TASK DETAILS =
Omit the images and output every line of the data below exactly.
#####
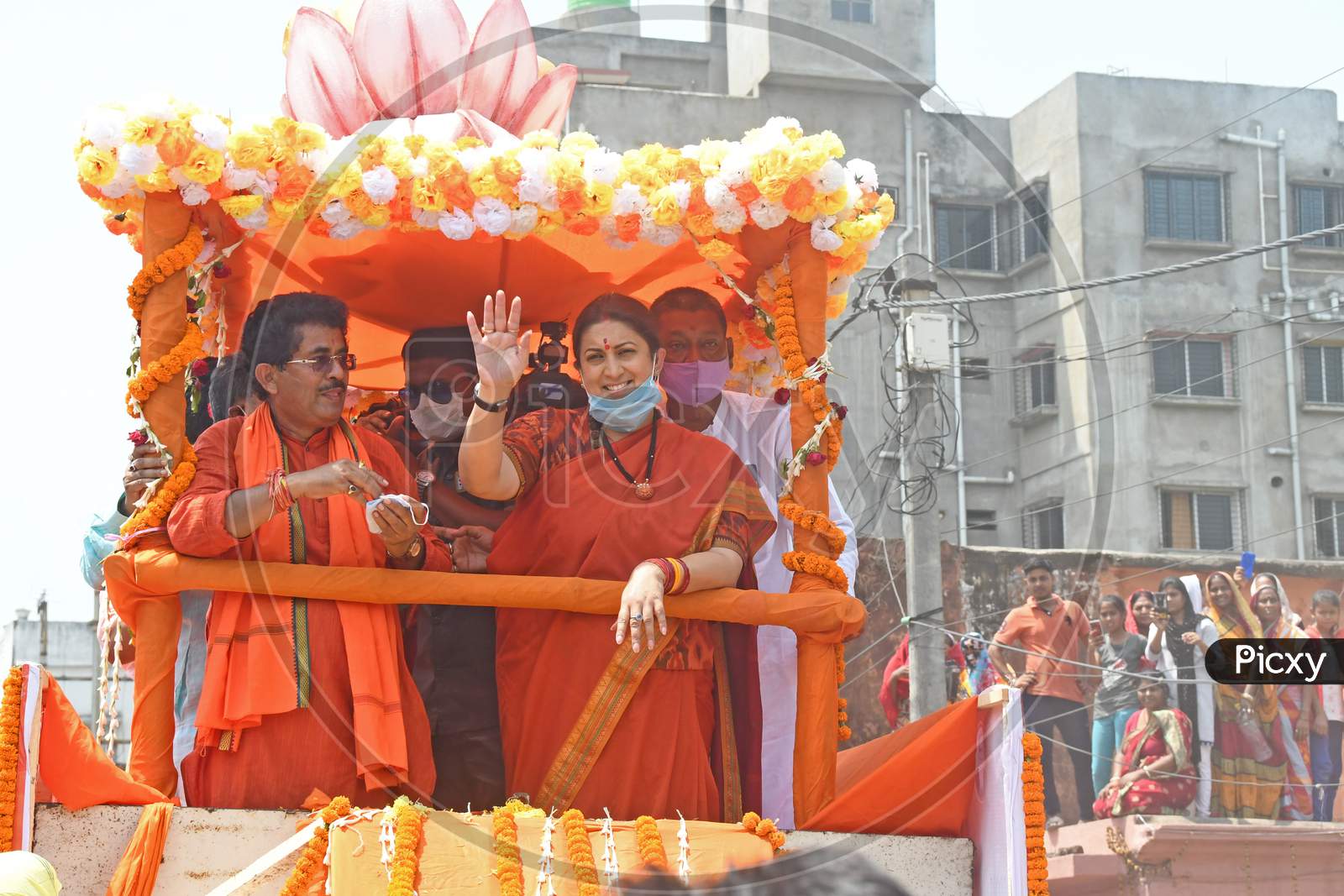 Union Minister for Women and Child Development and Textiles Smriti Zubin Irani held a road show in Burdwan Town in support of BJP candidate Sandip Nandi from Burdwan Dakshin Assembly constituency.
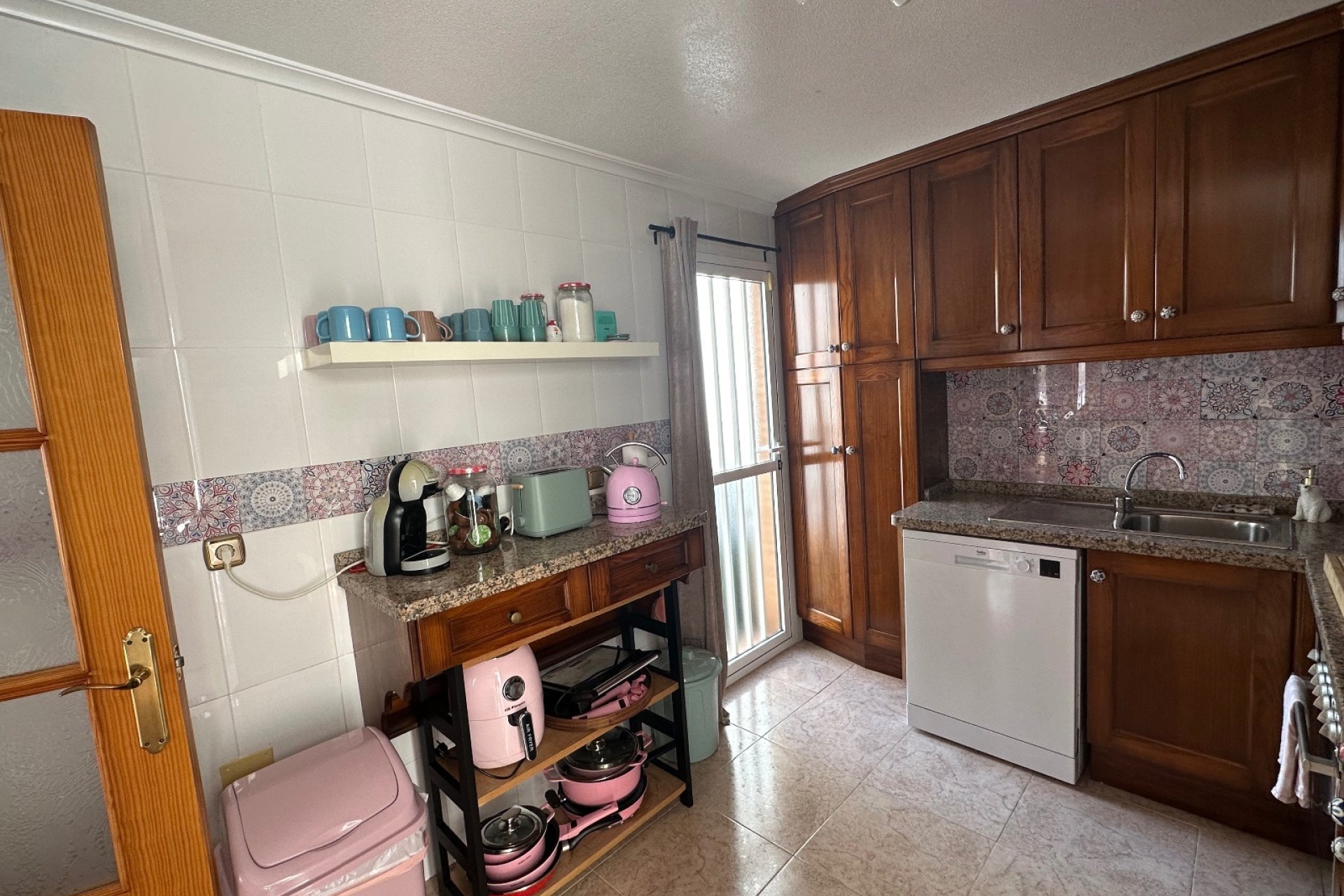 Herverkoop - Villa -
Guardamar del Segura - El Raso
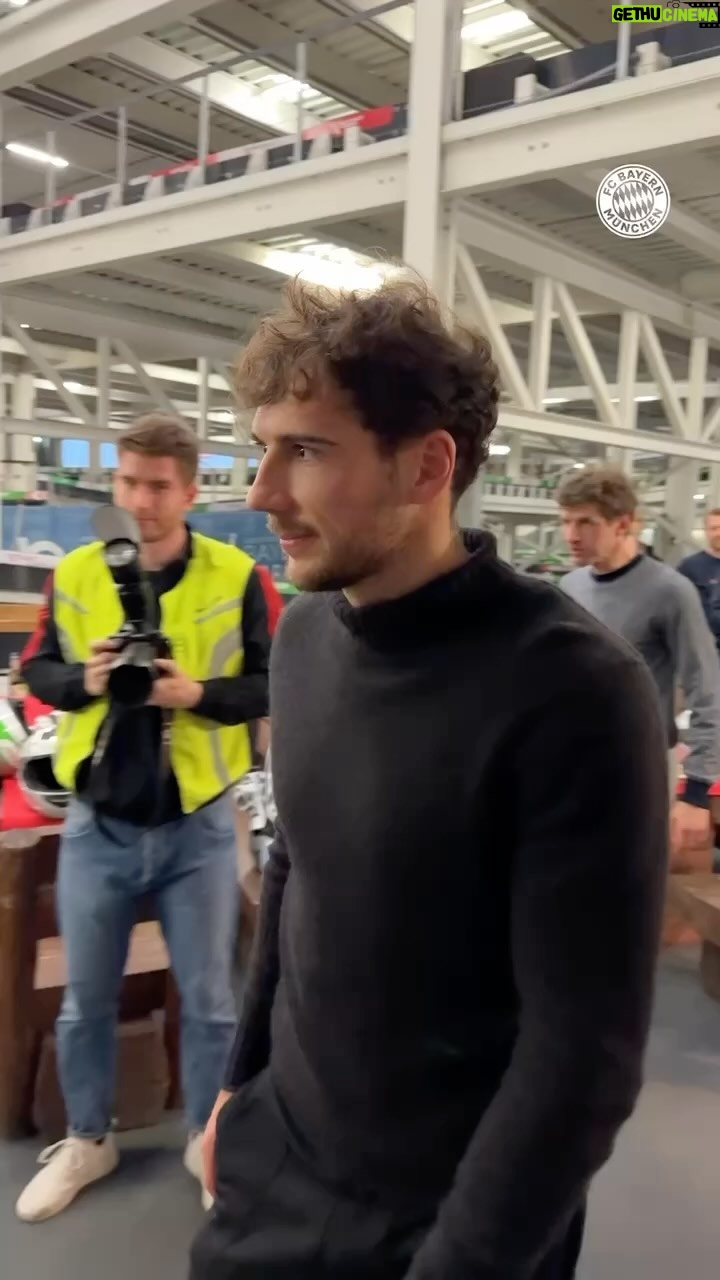 Leon Goretzka Instagram - 🏎️💨 🏆 Man muss die Feste feiern wie sie fallen.. @fcbayern #teambuilding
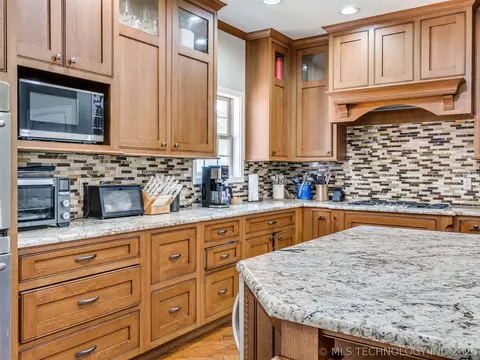 Kitchen - 6536 E 83rd Pl, Tulsa, OK 74133 photo 3 of 8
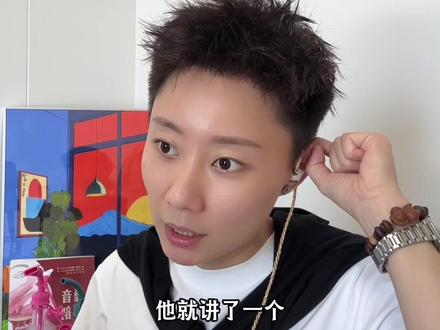 蔡徐坤的《Colder》Mv太精彩了 诸多细节可深思啊… 蔡徐坤曾说:“你喜欢的人,都会折射出你自己的样子”。
在镜像心理学看来,那个雪人就是他“纯粹自我”的投射。
钓上来的“断臂”是他割舍的软肋,被围堵的“猎人”是外界的恶。他最终选择带着残缺的雪人回到极寒之地,不是因为失败,而是为了守护那份不被世俗同化的初心❤️ 如果是你,你会留在温暖的平庸里,还是抱起雪人走向荒原?
#蔡徐坤Colder #KUN #reaction #蔡徐坤 #青年创作者成长计划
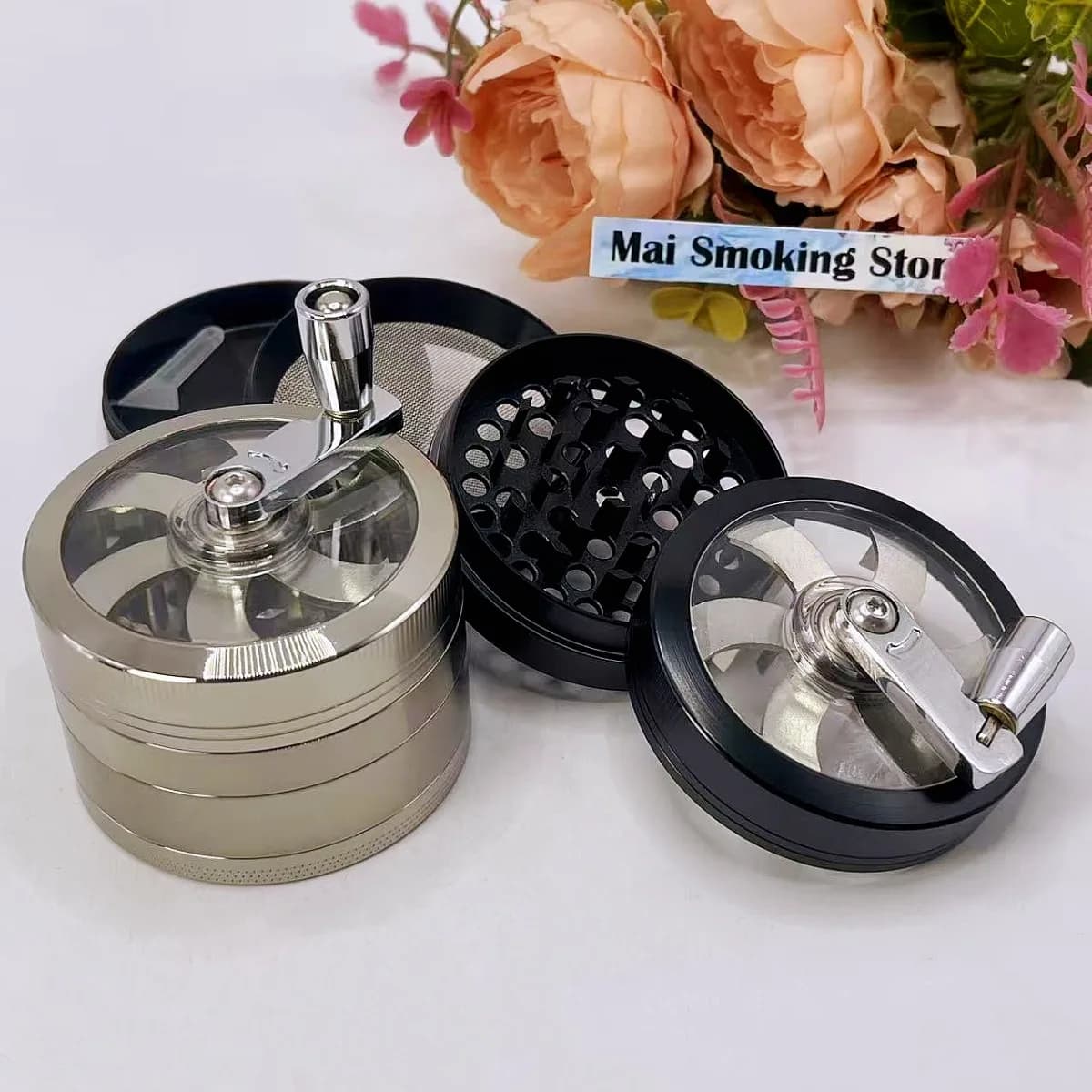 Grinder per Erbe con Manico da 2,5 Pollici, Macinino Manuale a 4 Strati per Spezie, Pepe, Sale, Mortaio e Pestello, Trituratore per Erbe Grezze e Tabacco, Accessorio per Fumatori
#####
WRITTEN ANSWER =
 Union Minister for Women and Child Development and Textiles Smriti Zubin Irani held a road show in Burdwan Town in support of BJP candidate Sandip Nandi from Burdwan Dakshin Assembly constituency.
 Herverkoop - Villa -
Guardamar del Segura - El Raso
 Leon Goretzka Instagram - 🏎️💨 🏆 Man muss die Feste feiern wie sie fallen.. @fcbayern #teambuilding
 Kitchen - 6536 E 83rd Pl, Tulsa, OK 74133 photo 3 of 8
 蔡徐坤的《Colder》Mv太精彩了 诸多细节可深思啊… 蔡徐坤曾说:“你喜欢的人,都会折射出你自己的样子”。
在镜像心理学看来,那个雪人就是他“纯粹自我”的投射。
钓上来的“断臂”是他割舍的软肋,被围堵的“猎人”是外界的恶。他最终选择带着残缺的雪人回到极寒之地,不是因为失败,而是为了守护那份不被世俗同化的初心❤️ 如果是你,你会留在温暖的平庸里,还是抱起雪人走向荒原?
#蔡徐坤Colder #KUN #reaction #蔡徐坤 #青年创作者成长计划
 Grinder per Erbe con Manico da 2,5 Pollici, Macinino Manuale a 4 Strati per Spezie, Pepe, Sale, Mortaio e Pestello, Trituratore per Erbe Grezze e Tabacco, Accessorio per Fumatori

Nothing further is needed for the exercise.